Black widow spiders are known worldwide for their venom and unusual mating habits. On the other hand the ecology and ethology (behavior) of these spiders is mostly unknown and varies substantially between species. North American and Australian species are extensively researched, while the Mediterranean black widow spider (Latrodectus tredecimguttatus), which also inhabits the coastal regions of Croatia, is still fairly unknown. In 2002, on the Summer School of Science in Visnjan, a group of participants researched the distribution and feeding behaviors of L. tredecimguttatus populations on the Istrian peninsula. It was interesting to see that the obtained results differed from data found in literature, opening this topic for various subsequent research.

The main goal of this project is to give a general idea on both field and laboratory research of an animal species, in our case the Mediterranean black widow spider. Fieldwork will firstly consist of various population density measurements in order to determine potential changes due to harsh environment in the past few years (road urbanization, abundant snow during winter etc.), and secondly, collection of food samples in order to compare feeding behaviors of populations on different habitats and populations from 2002. Laboratory work will consist of one ethology experiment: we are interested if black widow spiders change the design of their web as a result to food abundance. Participants will be encouraged to design their own potential research projects concerning the Mediterranean black widow spider or some other species to their liking.

Petra Korlevic
University of Zagreb, Croatia

Petra is a 1st year master student of molecular biology at the University of Zagreb.

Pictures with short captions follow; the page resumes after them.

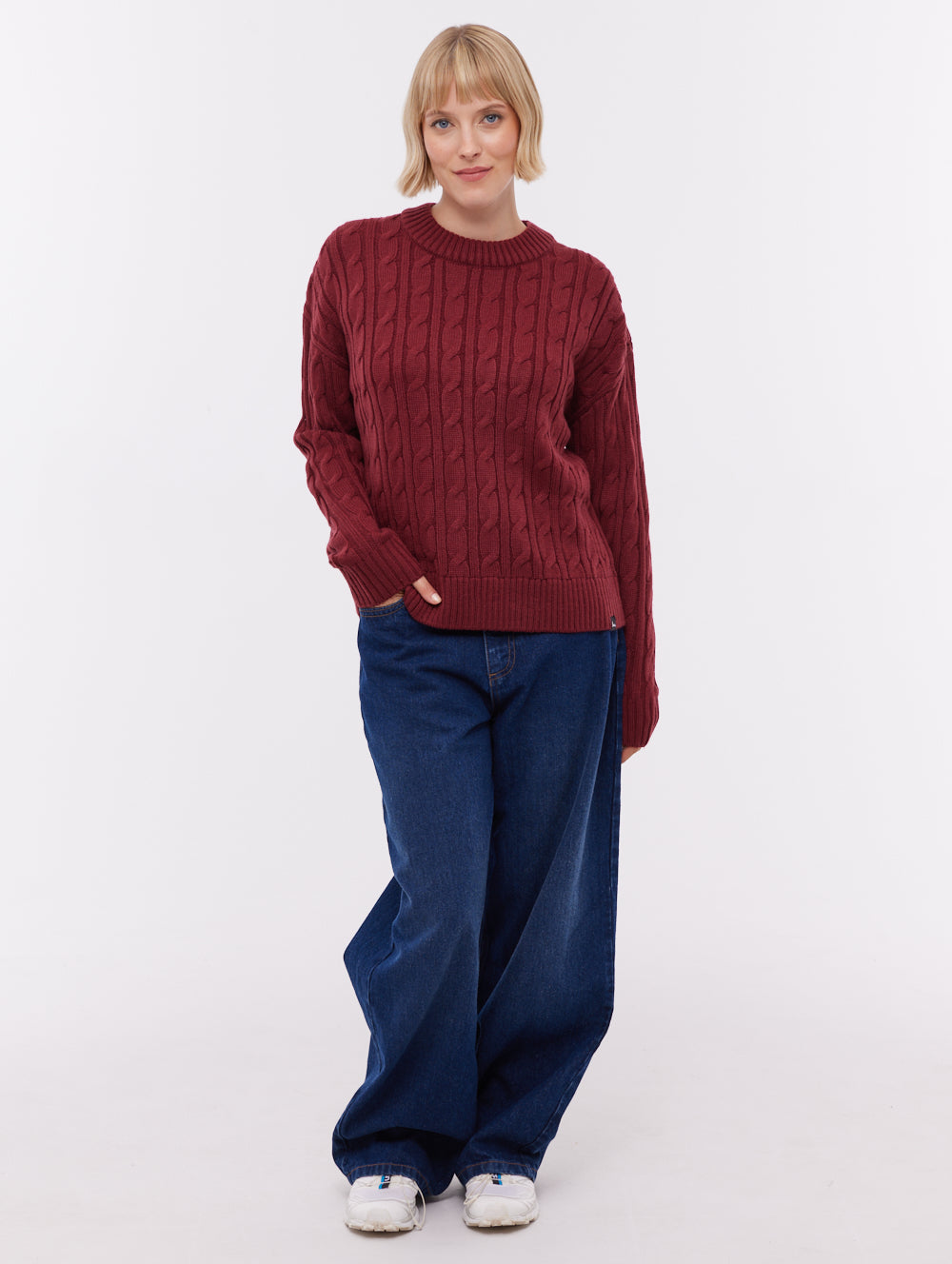 Chanice chandail en tricot torsadé - Rouge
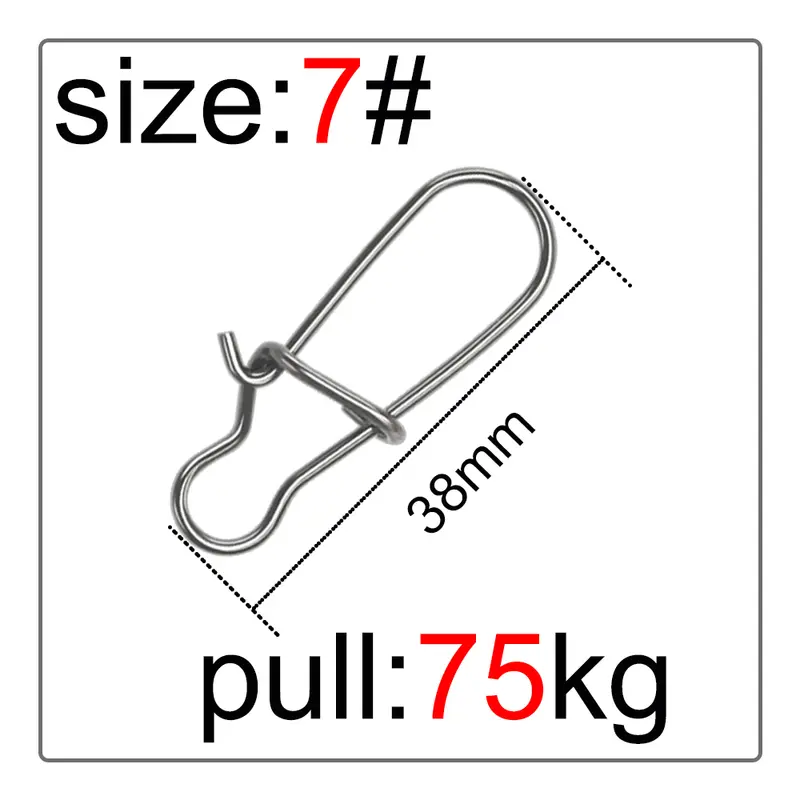 50Pcs Fishing Swivel Connector Hooks Line Clip Lock Carabiners Stainless Steel Fishing Fastener Snaps Tools - Image 15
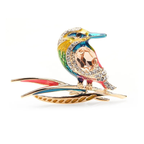Enamel Bird Perched on a Branch Brooch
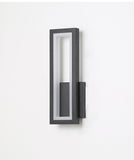 Applique Murale Moderne Interieur avec Blanc Chaud, Lampe Murale Aluminium Noir avec Acrylique Abat-jour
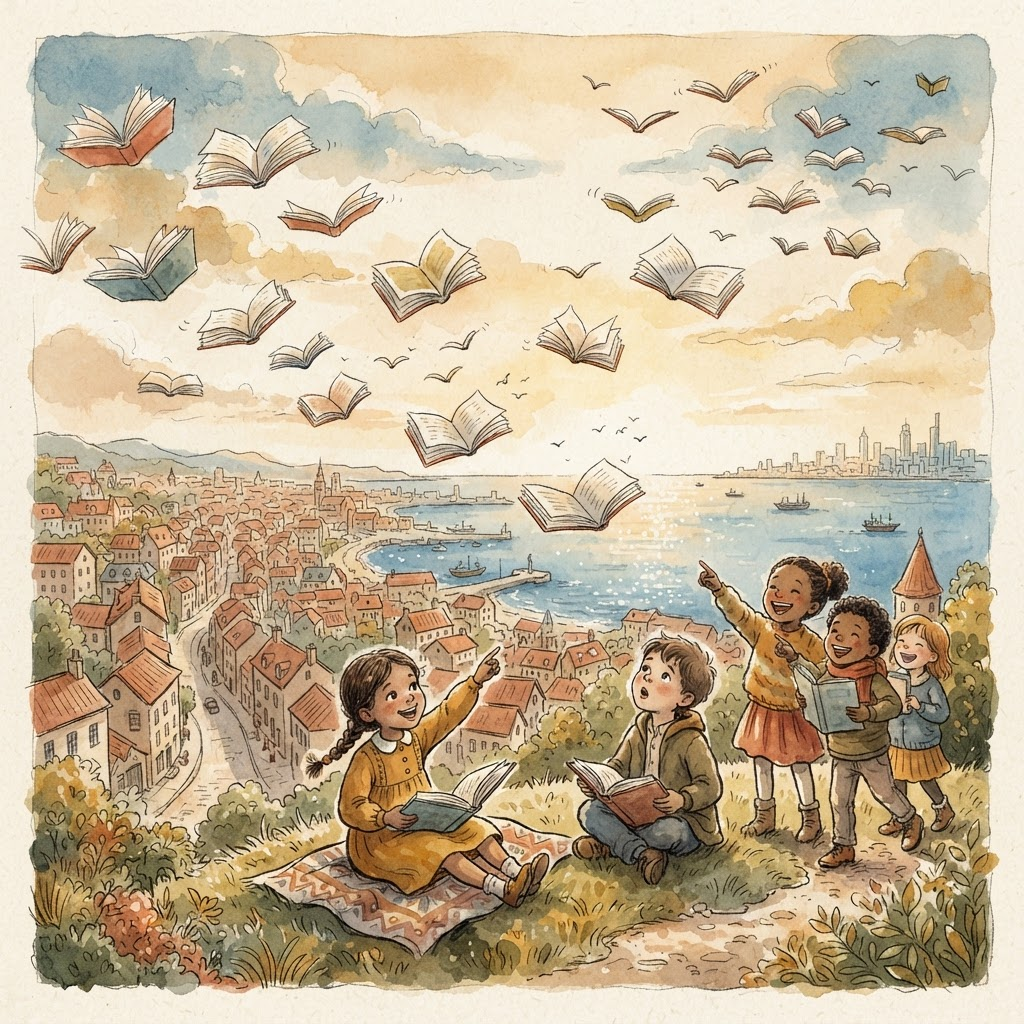 Livros abertos voando como pássaros por um céu quente, sobre telhados e o mar, com crianças olhando para cima.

She is interested in a wide range of topics from evolution to animal behavior and physiology. Apart from science she is interested in drawing photography and reading comics. She spends most summers either working as a project leader on the Youth Science Camp in Visnjan or as a paparazzi on all other summer schools.



Workshop leaders: Branimir Lukic (Visnjan Art Institute, Croatia) and Matilda Males (University of Zagreb, Croatia)


British Parliamentary Debate is one of the most popular forms of academic debate widely accepted in all English speaking regions: United Kingdom, Ireland, Canada, United States as well as in most parts of Europe, Africa and Asia. It is also adopted as an official style of the World Universities Debating Championship and European Universities Debating Championship. The four teams, each consisting of two speakers, take roles of Government and Opposition to debate on a particular topic. All the speakers have only 15 minutes to prepare their 7 minute speeches before the debate begins. The participants will learn basic rules of parliamentary debate and how to prepare and deliver their speech. They will also have an opportunity to participate in a short debate.

Workshop leader: Matija Piskorec, Faculty of Electrical Engineering, University of Zagreb, Croatia

Research swapshop

Pyrotechnics in industry and entertainment

Pyrotechnic devices are compact and efficient storages of chemical energy which is released in the form of heat, light, expanding gases, smoke and sound either through deflagration or detonation. During the workshop, participants will be introduced to the basic chemical principles on which simple pyrotechnic devices are based. They will have the opportunity to prepare gunpowder on their own and examine its explosive properties in a safe environment. Furthermore, by adding different additives, they will accomplish various flame colours in Bengal fires. We will also make simple fireworks rockets by using aluminium powder and potassium permanganate. Finally we will prepare a thermite mixture, a material that found its practical use in railway industry due to very high temperatures attained during the combustion of its substances. Thus, we will see that pyrotechnic devices have their use both in entertainment and industry.

Swapshop leader: Ivana Trivic, Pula Gymnasium

Determining leukocyte count and differential blood count

Leukocytes are a heterogenous group of blood cells play crucial role in organisms' defense mechanisms. Because each cell type has different functions and plays in different defense mechanisms, it is important to determine the total number of each cell type. Determination of total number of leukocytes can give useful information on current status of immunological system. For example, a reduced number of leukocytes can indicate to certain irregularities in their creation, a moderately increased number can be a consequence of inflammation process, while an increased number can be sign of some malicious limphproliferative disease. A relative number of each cell type indicates specific characteristics in viral and bacterial infections. In this project we will perform a standard laboratory test used to examine the status of the immune system. More speciffialy, we will determine the total number of leukocytes and differential blood analysis in various blood samples.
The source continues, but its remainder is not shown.